**Given data:**
-- Opening Marker --

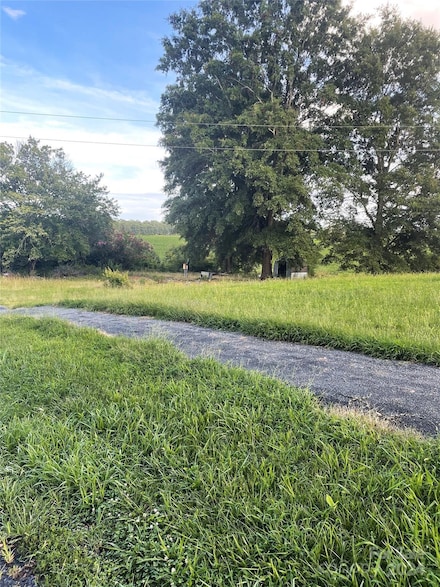 232 Deese St, Richfield, NC 28137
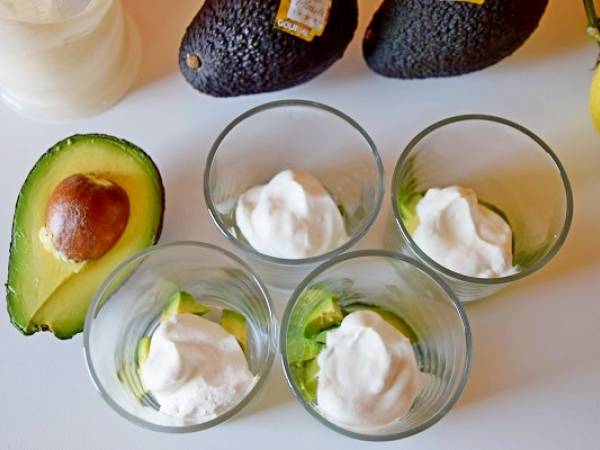 Verrine avocat Petit Plaisir, saumon fumé et tomate - Préparation etape 1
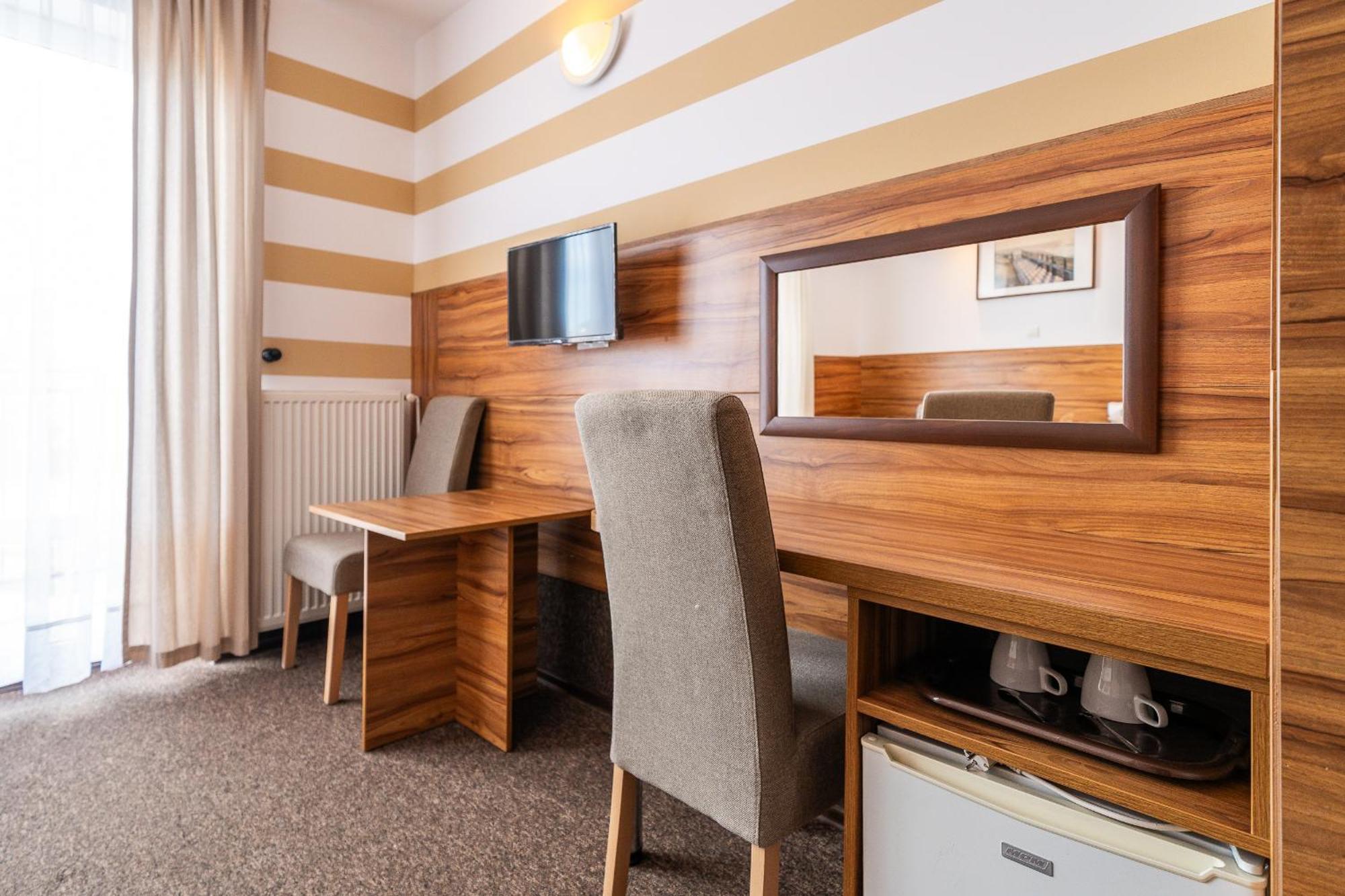 Max Apartamenty - Pokoje - Domki - Restauracja - Basen Mielno  Exteriér fotografie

-- Closing Marker --

**Work order:**
Reproduce the material above in full, exactly, with no images.

**Worked solution:**
 232 Deese St, Richfield, NC 28137
 Verrine avocat Petit Plaisir, saumon fumé et tomate - Préparation etape 1
 Max Apartamenty - Pokoje - Domki - Restauracja - Basen Mielno  Exteriér fotografie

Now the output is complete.